Can developing countries trade their way out of poverty? International trade has grown dramatically in the last two decades in the global economy, and trade is an important source of revenue in developing countries. Yet, many low-income countries have been producing and exporting tropical commodities for a long time. They are still poor. This book is a major analytical contribution to understanding commodity production and trade, as well as putting forward policy-relevant suggestions for 'solving' the commodity problem.

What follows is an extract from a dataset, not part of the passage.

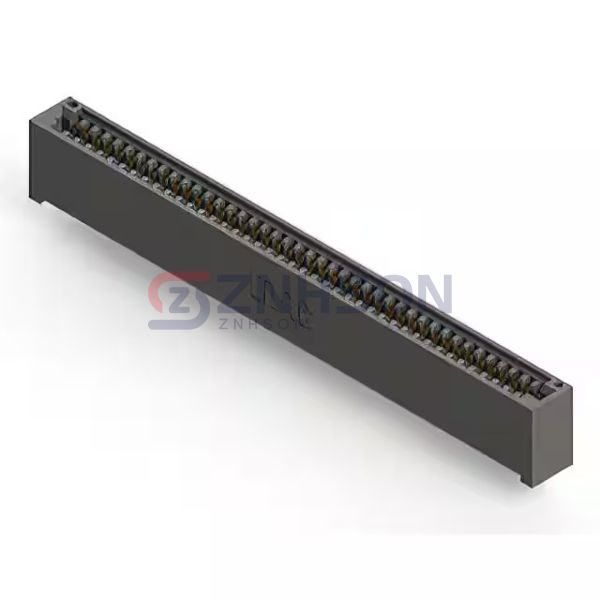 395-042-521-101 Preview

Through the study of the global value chain for coffee, the authors recast the 'development problem' for countries relying on commodity exports in entirely new ways. They do so by analysing the so-called coffee paradox – the coexistence of a 'coffee boom' in consuming countries and of a 'coffee crisis' in producing countries. New consumption patterns have emerged with the growing importance of specialty, fair trade and other 'sustainable' coffees. In consuming countries, coffee has become a fashionable drink and coffee bar chains have expanded rapidly. At the same time, international coffee prices have fallen dramatically and producers receive the lowest prices in decades.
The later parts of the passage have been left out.